▸ EXERCISE DIRECTIONS: In the listing below, find the line with "2. Vanessa Vaylord" and the line with "Ibis Styles Milano Centro Hotel 6 Ibis", then return them and every line between them exactly, minus the pictures.

▸ DATASET EXCERPTS:
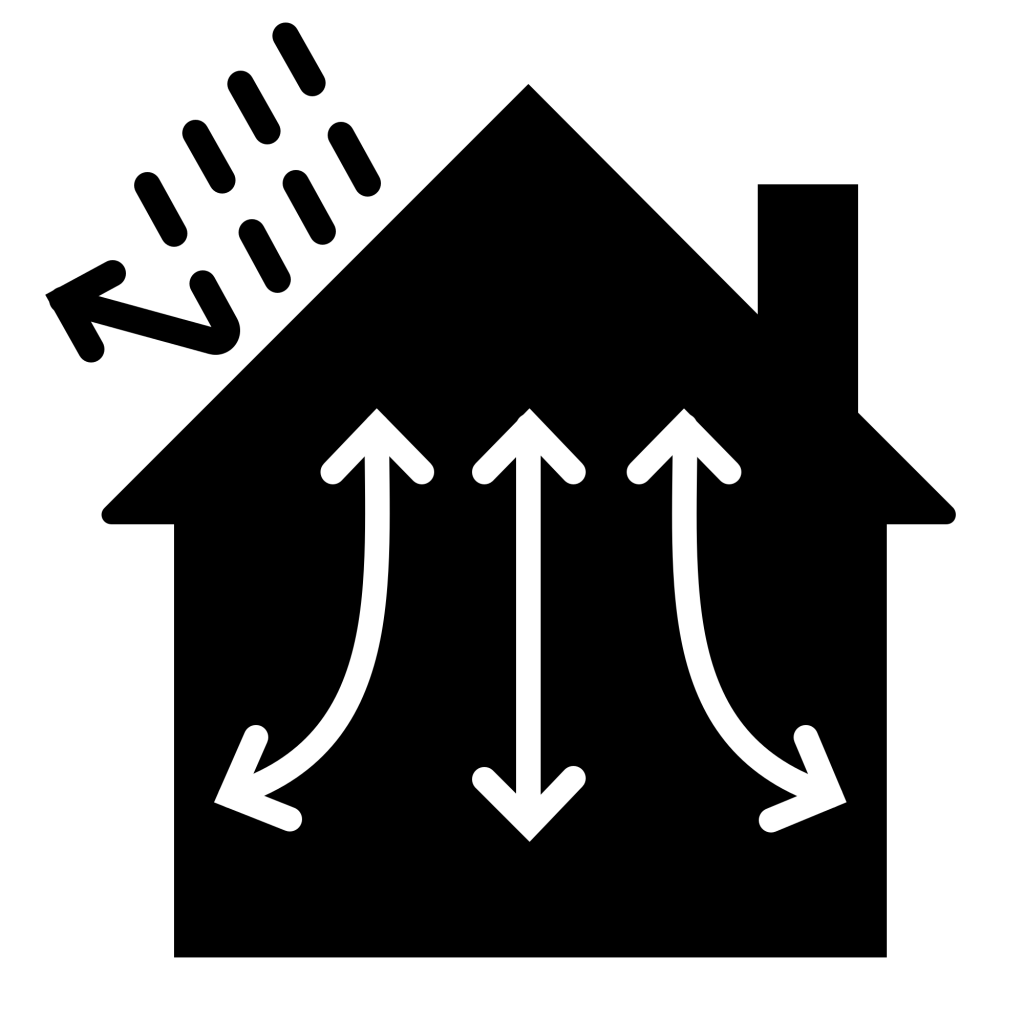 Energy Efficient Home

* * *

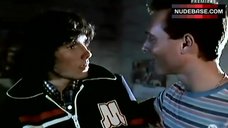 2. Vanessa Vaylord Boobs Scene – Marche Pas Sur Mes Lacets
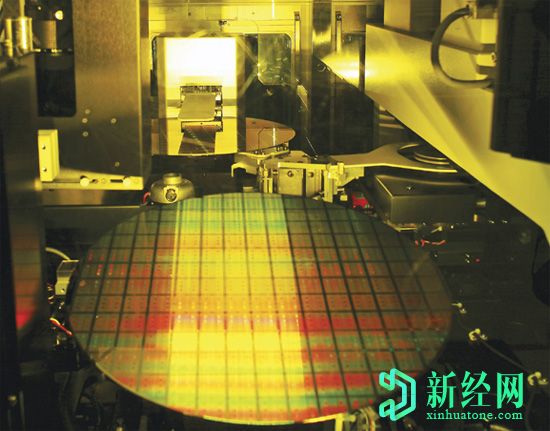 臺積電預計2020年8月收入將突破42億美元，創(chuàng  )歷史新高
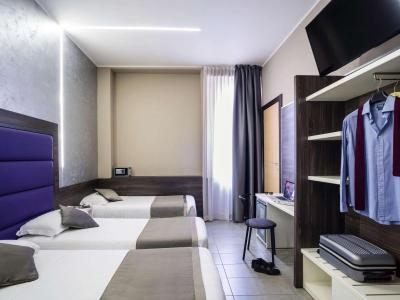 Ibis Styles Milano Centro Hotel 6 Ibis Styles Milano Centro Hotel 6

▸ WRITTEN ANSWER:
 2. Vanessa Vaylord Boobs Scene – Marche Pas Sur Mes Lacets
 臺積電預計2020年8月收入將突破42億美元，創(chuàng  )歷史新高
 Ibis Styles Milano Centro Hotel 6 Ibis Styles Milano Centro Hotel 6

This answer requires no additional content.